Until Joe, Green’s personal projects were written or co-written by him, and it was only during his foray into mainstream comedy beginning with Pineapple Express (2008) that he began directing other writer’s screenplays. These films were not reliant upon Green’s aesthetic of naturalism and bore little resemblance to his signature style. Though Joe may not be typically commercial, Hawkins script is heavily weighted with genre conventions. Green attempts to take Hawkins script and let it open up, directing the film to concentrate more heavily on character than story. Where another filmmaker would have kept the film going at a nice clip, Green slows the film down with long shots of characters in a space as reflective as it is realistic before the scene really starts or ends. This approach is in turn aided by Green’s employment of local non-actors in supporting roles. Casting like this has long been a part of Green’s style, reinforcing the notion that the film and all of its characters are unique to the region of the narrative.

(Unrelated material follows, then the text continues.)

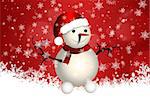 Illustration of red winter background with cute snowman with snowflakes.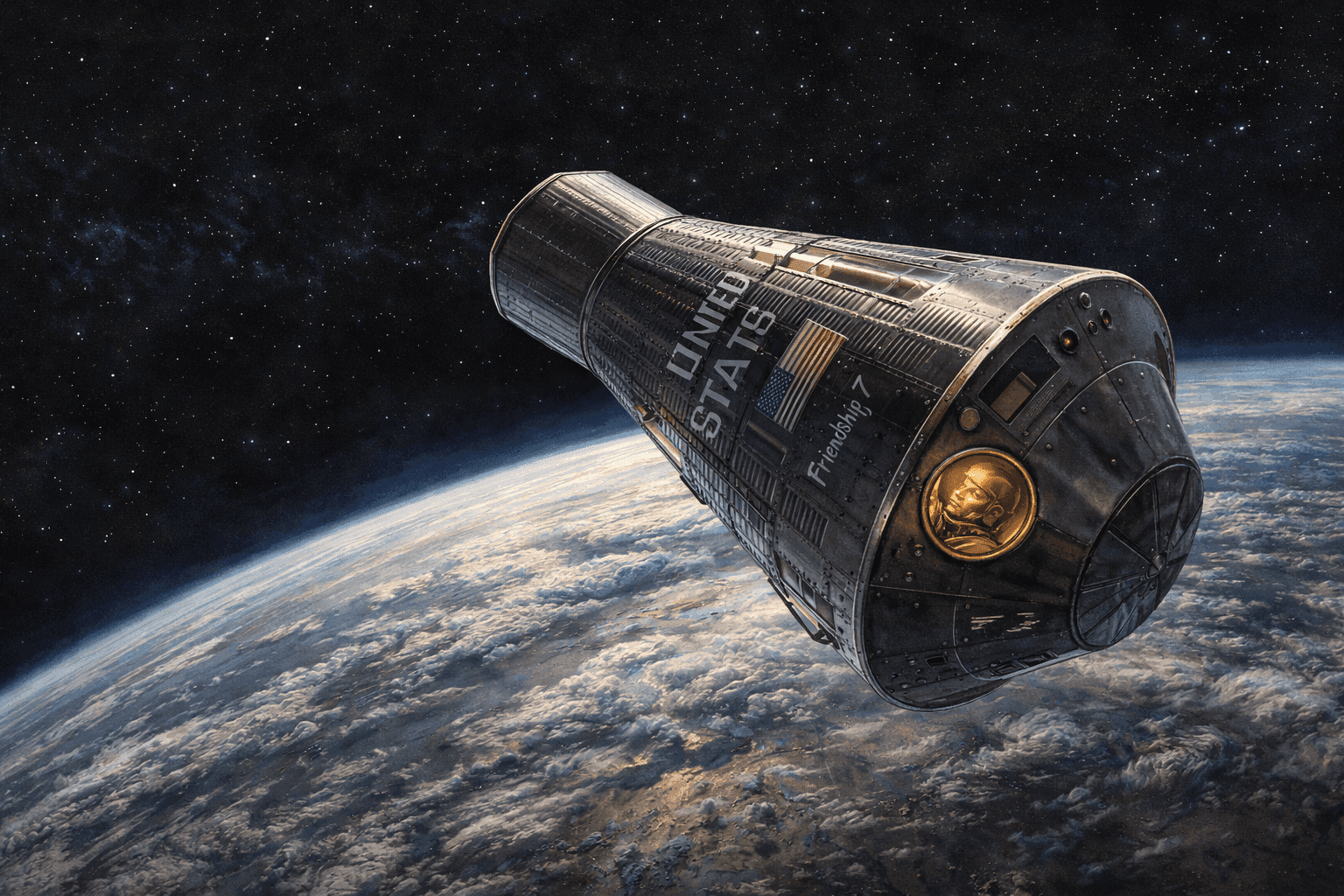 Dramatic historical illustration of the Friendship 7 spacecraft launching into orbit with Earth visible below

The fusion of commercial and personal aesthetics prevalent in Joe remains only a portion of the spectacle. The even more superficial signifier of an evolution in Green’s filmmaking comes in the form of Nicolas Cage. A one time darling of the off-beat comedy and art house film, Cage returns to the stomping ground of his youth from a long spell in schlocky would-be blockbusters. In many respects, Joe is a sort of comeback film for Nicolas Cage, who hasn’t been able to demonstrate his tremendous talents since his collaboration with Werner Herzog on Bad Lieutenant: Port Of Call New Orleans (2008). As the title character in Green’s film, Cage explores the more nuanced side of his craft, giving the audience one of his most realistic and haunting performances of his career.